Но тут встали эти двое молодых людей и спросили, слыхали ли мы когда-нибудь герра Слоссен-Бошена (который только что прибыл и находится сейчас в столовой), поющего свою великую немецкую комическую песню.
Никто из нас не слыхал ее, насколько мы могли припомнить.
Молодые люди пояснили, что это забавнейшая штука из когда-либо сочиненных, и что, если нам угодно, они уговорят герра Слоссен-Бошена, с которым хорошо знакомы, исполнить ее для нас. Вещь эта так смешна, что, когда герр Слоссен-Бошен однажды исполнил ее при германском императоре, германского императора пришлось отнести в постель.
По их словам, никто не поет ее так, как герр Слоссен-Бошен; он остается все время таким бесконечно серьезным, что можно вообразить, будто слушаешь трагедию, и от этого, разумеется, еще смешнее.

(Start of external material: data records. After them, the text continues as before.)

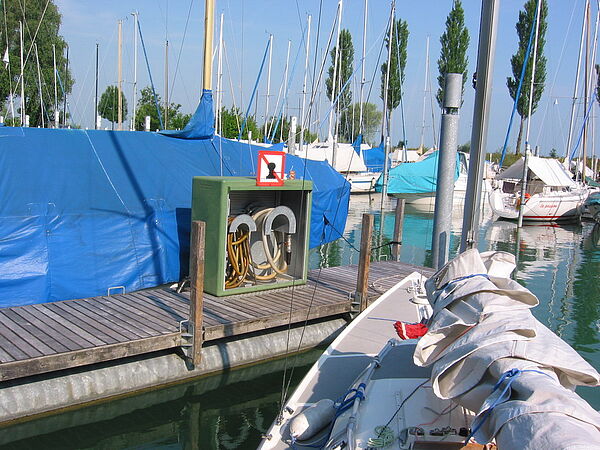 H-Boot beim Anlegen seitlich am Steg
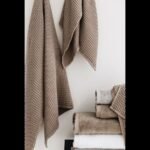 Itin švelnus rudos spalvos vaflinės tekstūros rankšluostis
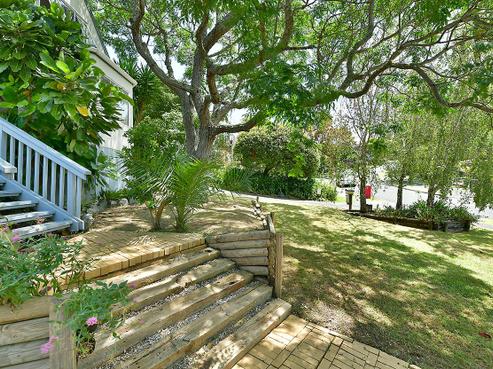 16 Kenneth Hopper Place, Manly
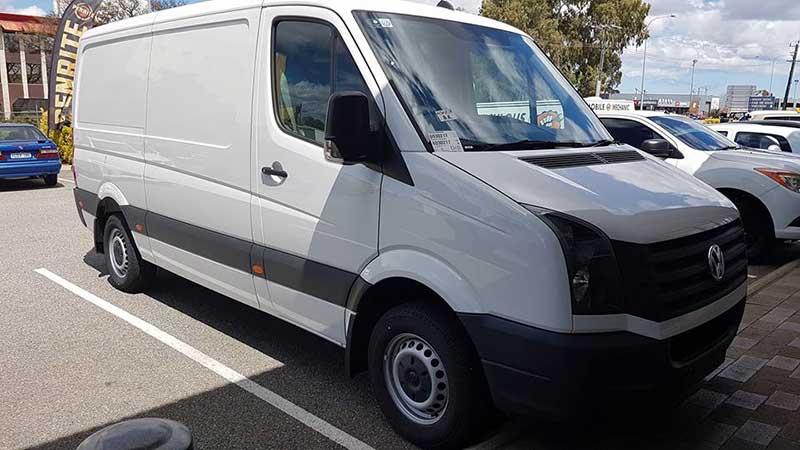 Заказать защиту грузового отделения фургона от механических повреждений и коррозии полимерным покрытием Line-X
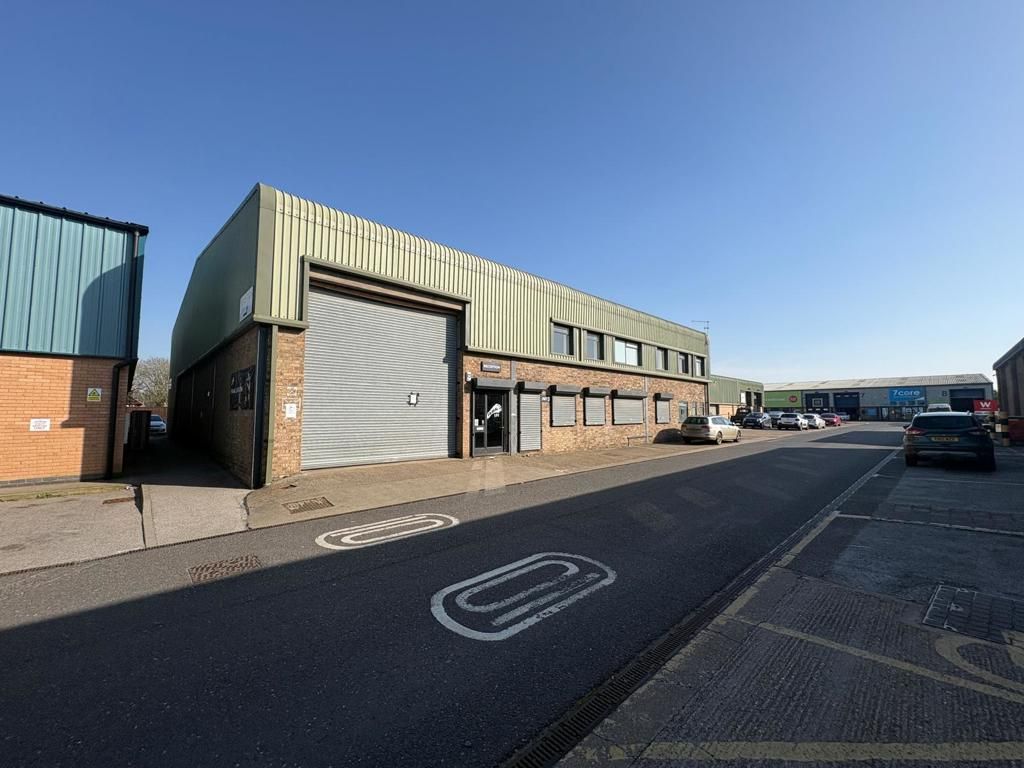 Property photo 1 of 10 Photo 2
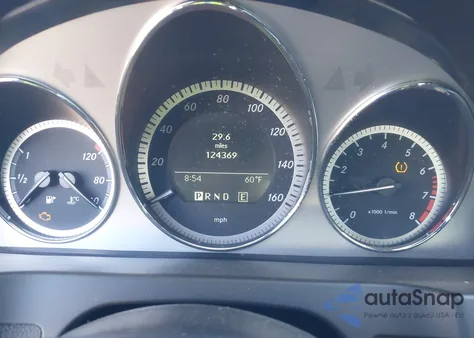 2011 Mercedes-Benz C 300 Luxury 4Matic/Sport 4Matic из США, поврежденный, VIN WDDGF8BB5BF540430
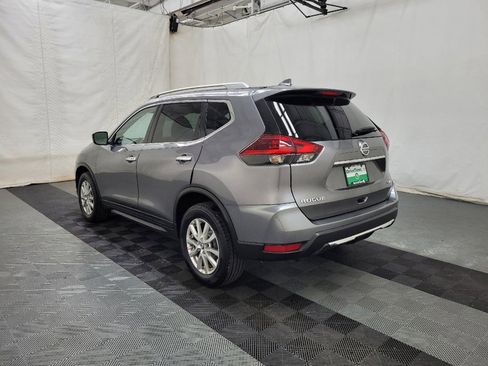 Used 2018 Nissan Rogue SV AWD/4WD image 5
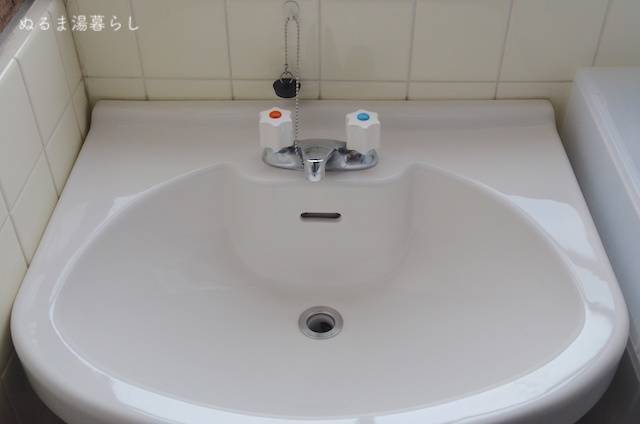 Wash-basin-cleaning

Они говорили, что он ни минуты не дает понять выражением или манерой, что поет нечто комическое, — этим он все бы испортил.
Мы ответили, что жаждем прослушать эту вещь, ибо испытываем потребность от души посмеяться; тогда они отправились вниз и привели герра Слоссен-Бошена.
По-видимому, он охотно согласился петь, ибо явился тотчас же и, не говоря ни слова, сел за рояль.
— О, вам это понравится; насмеетесь вдоволь, — шепнули двое молодых людей, проходя через комнату, и скромно встали за спиной у профессора.
Герр Слоссен-Бошен аккомпанировал себе сам. Прелюдия не давала в точности впечатления комической музыки. Это была таинственная, одухотворенная мелодия, от которой мороз пробегал по телу; но мы шепнули друг другу, что таков немецкий жанр, и приготовились натешиться всласть.
Сам я не понимаю по-немецки. Я учился немецкому языку в школе, но забыл все до последнего слова два года спустя, и чувствую себя несравненно лучше с тех пор. Тем не менее я вовсе не желал выдавать своего незнания присутствующим, поэтому остановился, как мне казалось, на очень удачной выдумке. Я не сводил глаз с двух студентов и подражал им. Когда они хихикали, и я хихикал; когда грохотали, я грохотал; и даже вставлял время от времени самостоятельный смешок, словно подметил юмористическую черточку, не обратившую на себя внимания других. Последнее я находил особенно хитроумным.
По мере того как подвигалось исполнение, я стал замечать, что доброе большинство присутствующих следили, подобно мне, глазами за двумя молодыми людьми. И эти прочие слушатели хихикали, когда те хихикали, и грохотали, когда те грохотали; а так как молодые люди хихикали и грохотали и вскрикивали от хохота почти беспрерывно, — все шло как по маслу.
А между тем этот немецкий профессор не казался довольным. Вначале, когда мы впервые засмеялись, его лицо выразило глубочайшее изумление, точно он меньше всего ожидал возбудить смех. Это мы нашли очень смешным: в его серьезности, говорили мы, заключается главная доля всего комизма. Малейший намек с его стороны, что он подозревает, до чего смешон, все погубил бы безвозвратно. Когда он увидел, что мы продолжаем смеяться, удивление сменилось выражением досады и негодования, и он стал свирепо озираться на всех нас (исключая двух молодых людей, которые, находясь у него за спиной, оставались невидимыми). Тут мы прямо покатились от хохота. Мы говорили друг другу, что эта песня уморит нас насмерть. Достаточно одних слов, чтобы помереть со смеху, но эта напускная его торжественность — нет, это свыше всяких сил!